До Христа, утверждает Веденяпин, человеческая личность в широком контексте развития и судеб народов ничего не значила. История помнила лишь фараонов, патриархов и царей, в то время как человек умирал «на улице под забором» (14). Все изменилось с приходом Христа. Став человеком, Христос изменил масштаб отношений человека с Богом и меру исторической значимости. Как позже объяснит Ларе Антиповой «единомышленница» Веденяпина Сима Тунцева, на место Моисея, заставившего расступиться море, чтобы пропустить «целую народность», приходит обыкновенная девушка, которая «тайно и втихомолку» производит на свет «жизнь всех» (406) – Иисуса Христа. Бог становится человеком, и личность раскрывается как божественный атрибут. В этой судьбоносной смене заветов, произошедшей благодаря Христу, «вожди и народы отошли в прошлое», а на первый план выдвинулась «личность» и «проповедь свободы» (407) – то, что провозглашал сам Христос. Так Пастернак вслед за В. С. Соловьевым и Н. А. Бердяевым утверждает личностность как божественное качество. Или, как говорит Тунцева (перефразируя Веденяпина), воплощение Христа показывает, как «отдельная человеческая жизнь стала божьей повестью» (407).
После Христа смыслом истории становится не развитие народов, а жизнь и достоинство человеческой личности. Цель истории также изменилась. Согласно Веденяпину, после Христа задачей истории стало «установление вековых работ по последовательной разгадке смерти и ее будущему преодолению» (14). В этих словах Веденяпина слышен отзвук «Философии общего дела» Н. Ф. Федорова – эта теория, весьма влиятельная в период религиозного возрождения на рубеже веков, ставила перед человечеством цель преодолеть смерть путем физического воскрешения предков. Однако в «Докторе Живаго» речь идет не о восстановлении тела. Смерть побеждается псевдоштраусианской убежденностью, что исчезновение индивидуума ничего не значит в контексте божественности всего рода человеческого. Для Живаго личное бессмертне выражается в «вечной памяти» (слова из православного отпевания, с которых начинается роман), в которую переходит жизнь каждого человека после смерти, где и остается. «В той грубейшей форме, как это утверждается для утешения слабейших, это [воскресение] мне чуждо, – говорит Юрий смертельно больной Анне Ивановне Громеко. – Человек в других людях и есть душа человека. Вот что вы есть, вот чем дышало, питалось, упивалось всю жизнь ваше сознание. Вашей душою, вашим бессмертием, вашей жизнью в других. И что же? В других вы были, в других и останетесь. И какая вам разница, что потом это будет называться памятью. Это будете вы, вошедшая в состав будущего» (69).

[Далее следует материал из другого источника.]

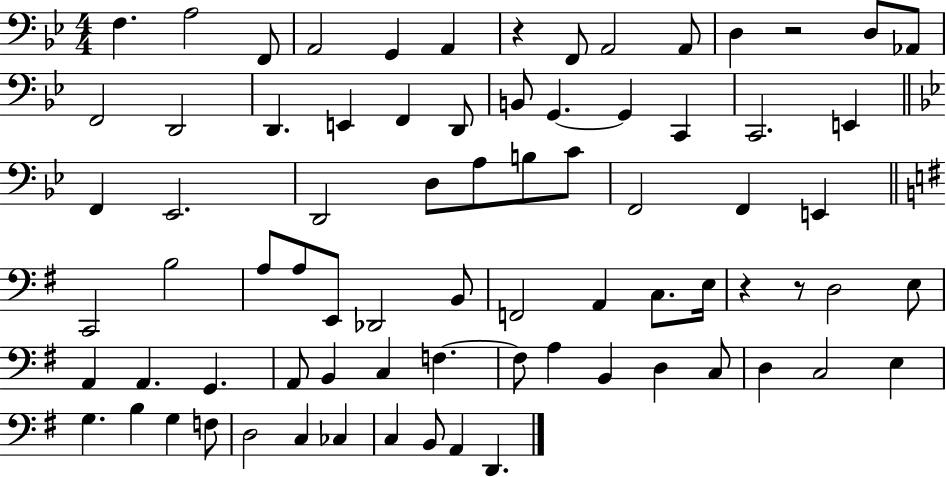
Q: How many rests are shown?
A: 4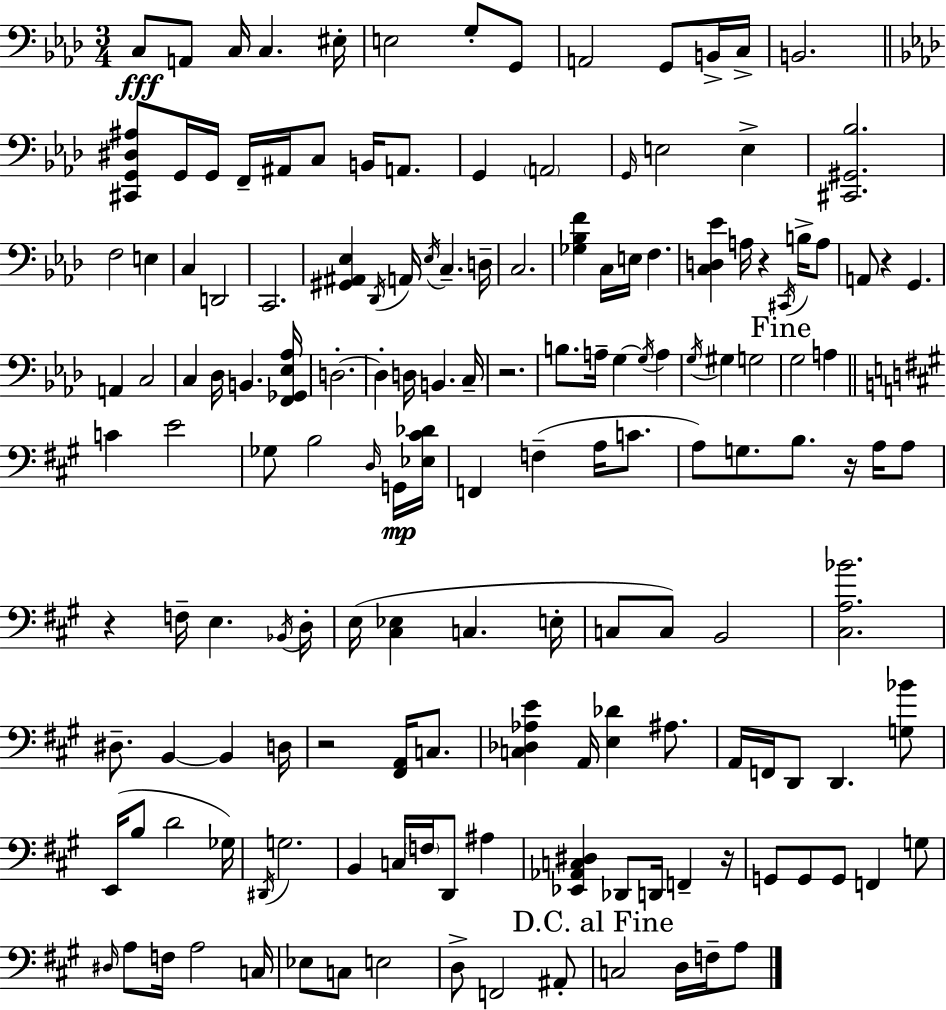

Согласно Веденяпину, стремление преодолеть смерть выражается в самой разнообразной человеческой деятельности – от научных открытий («открывают математическую бесконечность и электромагнитные волны») до искусства («пишут симфонии»). Но основой всех этих начинаний и необходимым условием их успеха служит Христово Евангелие: его призыв любить ближнего, «идея свободной личности и идея жизни как жертвы» (14). Эти евангельские идеи были беспрецедентны для древнего мира, где царили «сангвиническое свинство» и жестокость (14). Веденяпин объясняет:
Рим был толкучкою заимствованных богов и завоеванных народов, давкою в два яруса, на земле и на небе, свинством, захлестнувшимся вокруг себя тройным узлом, как заворот кишок. Даки, герулы, скифы, сарматы, гиперборейцы, тяжелые колеса без спиц, заплывшие от жира глаза, скотоложество, двойные подбородки, кормление рыбы мясом образованных рабов, неграмотные императоры. <…> И вот в завал этой мраморной и золотой безвкусицы пришел этот легкий и одетый в сияние, подчеркнуто человеческий, намеренно провинциальный, галилейский, и с этой минуты народы и боги прекратились и начался человек, человек-плотник, человек-пахарь, человек-пастух в стаде овец на заходе солнца, человек, ни капельки не звучащий гордо, человек, благодарно разнесенный по всем колыбельным песням матерей и по всем картинным галереям мира (46).